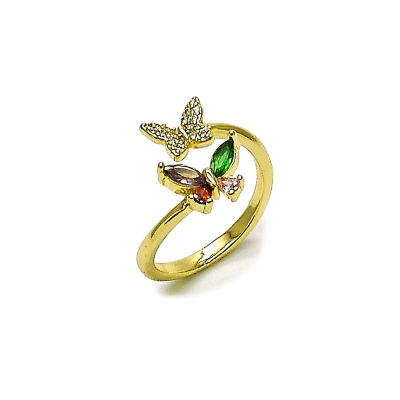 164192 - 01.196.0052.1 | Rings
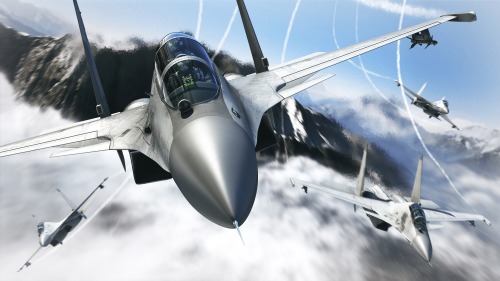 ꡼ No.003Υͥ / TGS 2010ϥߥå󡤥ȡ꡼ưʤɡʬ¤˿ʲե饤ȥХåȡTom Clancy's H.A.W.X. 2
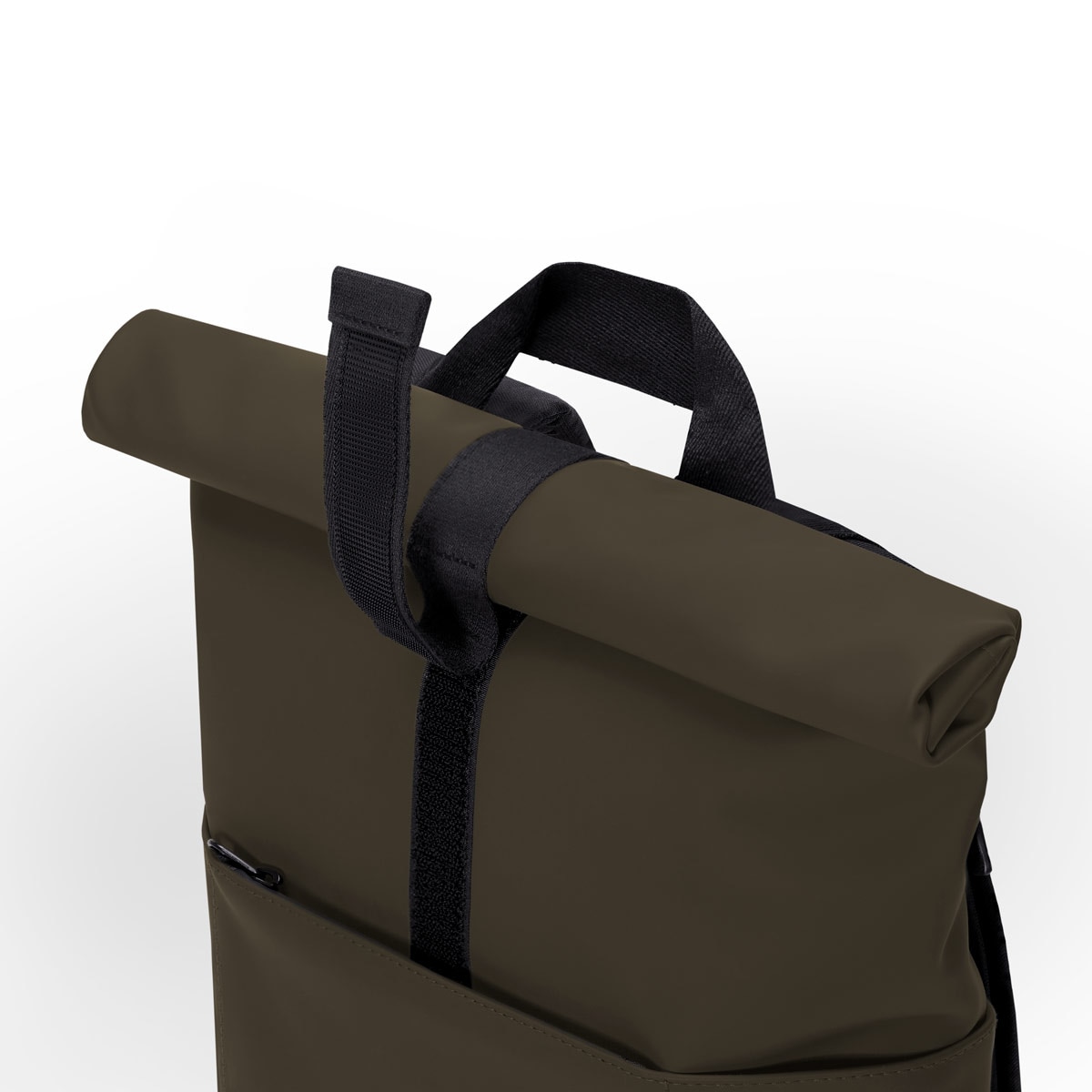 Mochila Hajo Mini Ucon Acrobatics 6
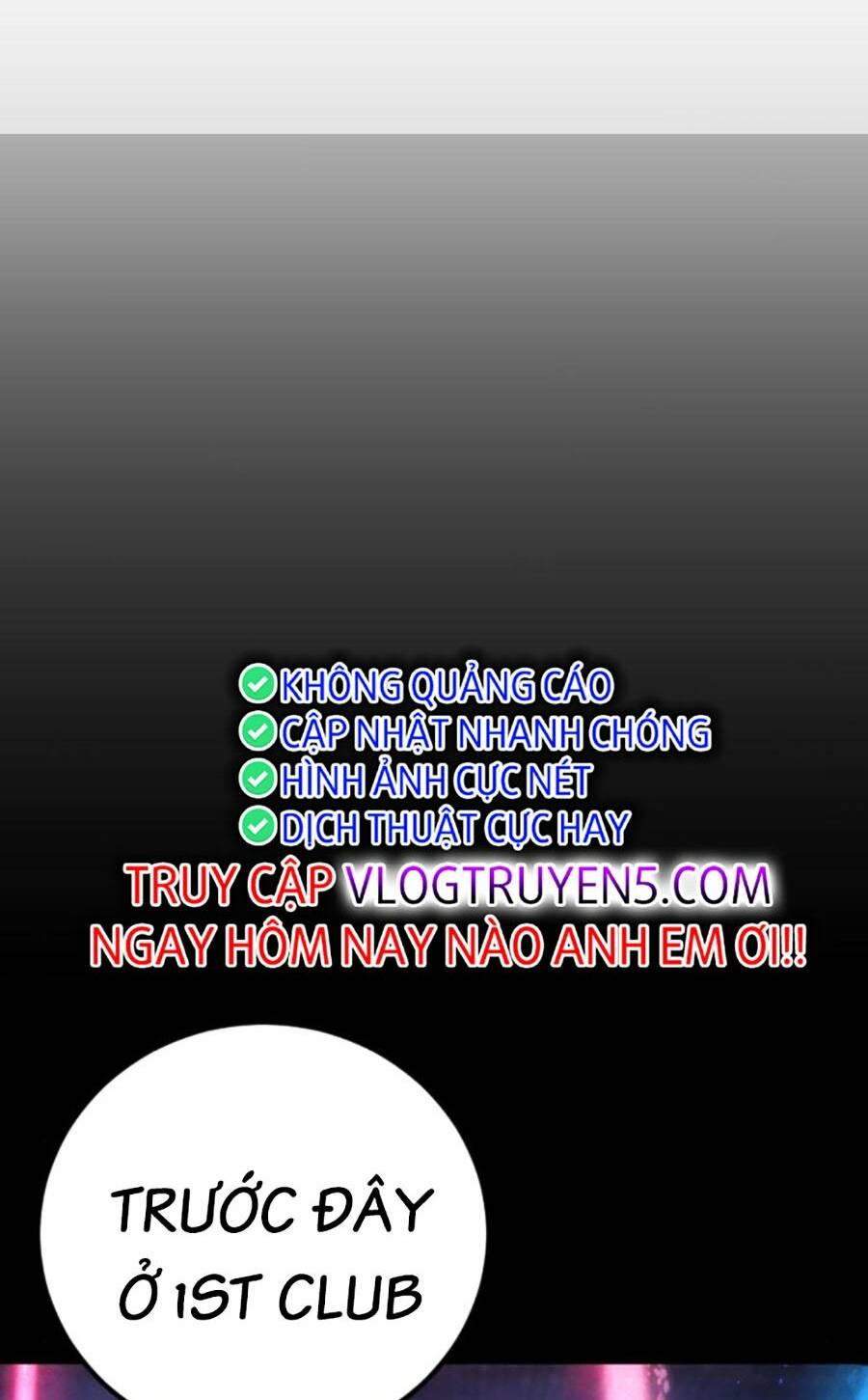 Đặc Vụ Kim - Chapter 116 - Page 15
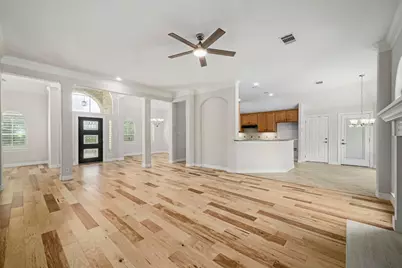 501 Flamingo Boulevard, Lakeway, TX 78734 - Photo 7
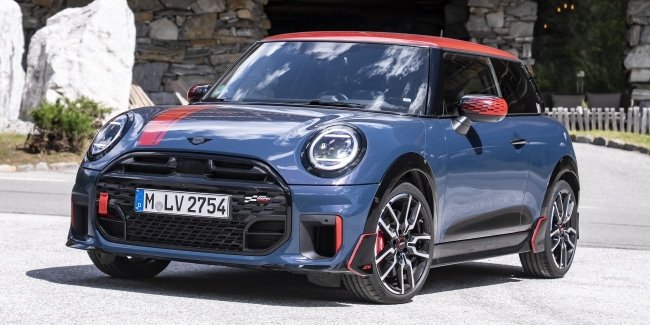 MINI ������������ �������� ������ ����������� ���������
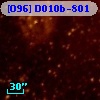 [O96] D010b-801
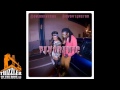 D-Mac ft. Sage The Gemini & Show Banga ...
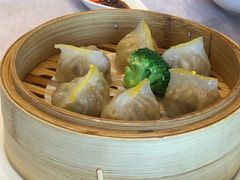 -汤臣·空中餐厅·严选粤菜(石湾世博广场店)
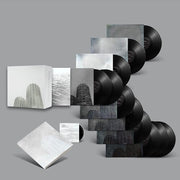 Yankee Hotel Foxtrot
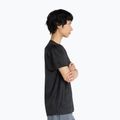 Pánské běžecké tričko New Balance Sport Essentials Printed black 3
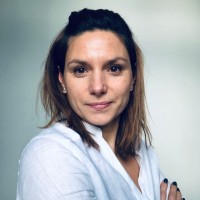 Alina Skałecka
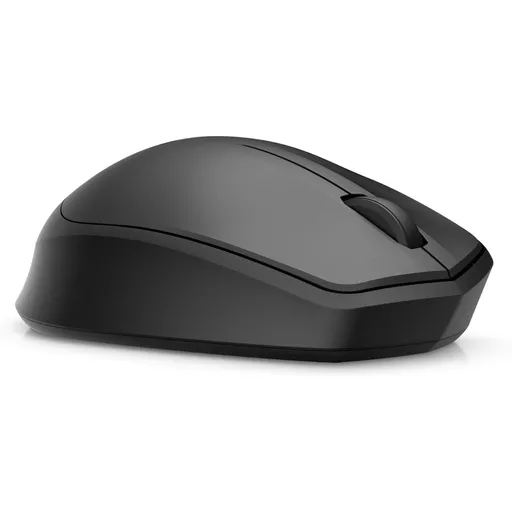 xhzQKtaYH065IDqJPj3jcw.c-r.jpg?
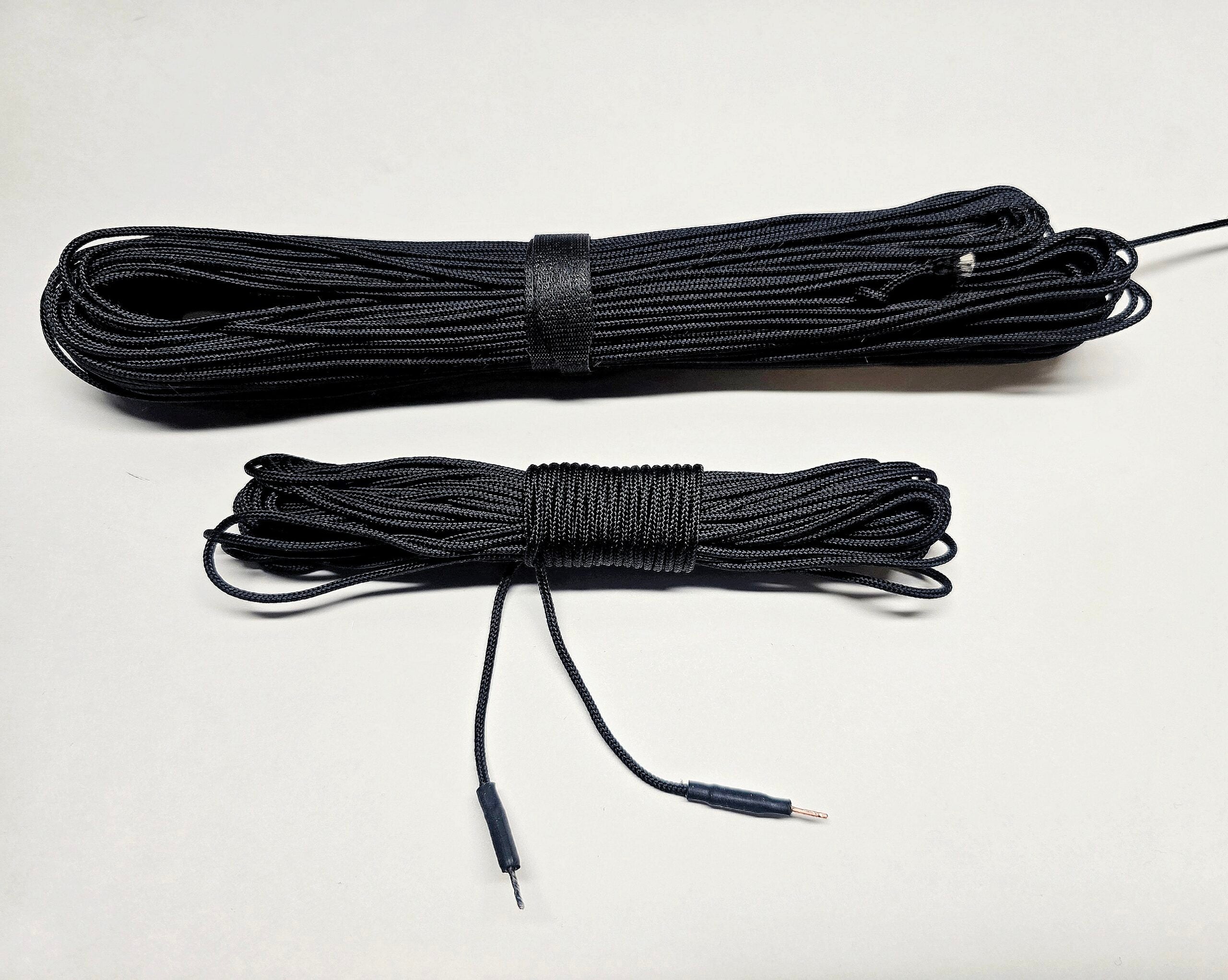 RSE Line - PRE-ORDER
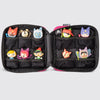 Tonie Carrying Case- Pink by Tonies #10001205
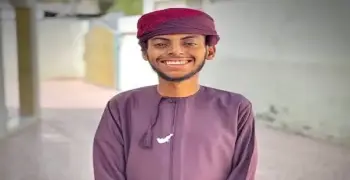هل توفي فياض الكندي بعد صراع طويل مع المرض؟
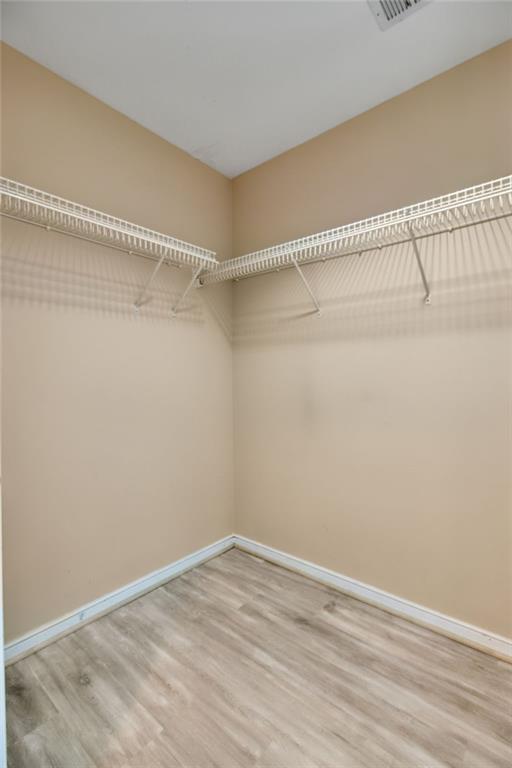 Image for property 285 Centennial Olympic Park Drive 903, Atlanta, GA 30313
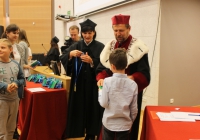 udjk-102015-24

▶ WHAT YOU HAVE TO DO:
Word for word, output the lines from the line bearing "Pánské běžecké tričko" through the end of the records above, and only those, without the pictures.

▶ RESPONSE BOX:
 Pánské běžecké tričko New Balance Sport Essentials Printed black 3
 Alina Skałecka
 xhzQKtaYH065IDqJPj3jcw.c-r.jpg?
 RSE Line - PRE-ORDER
 Tonie Carrying Case- Pink by Tonies #10001205
هل توفي فياض الكندي بعد صراع طويل مع المرض؟
 Image for property 285 Centennial Olympic Park Drive 903, Atlanta, GA 30313
 udjk-102015-24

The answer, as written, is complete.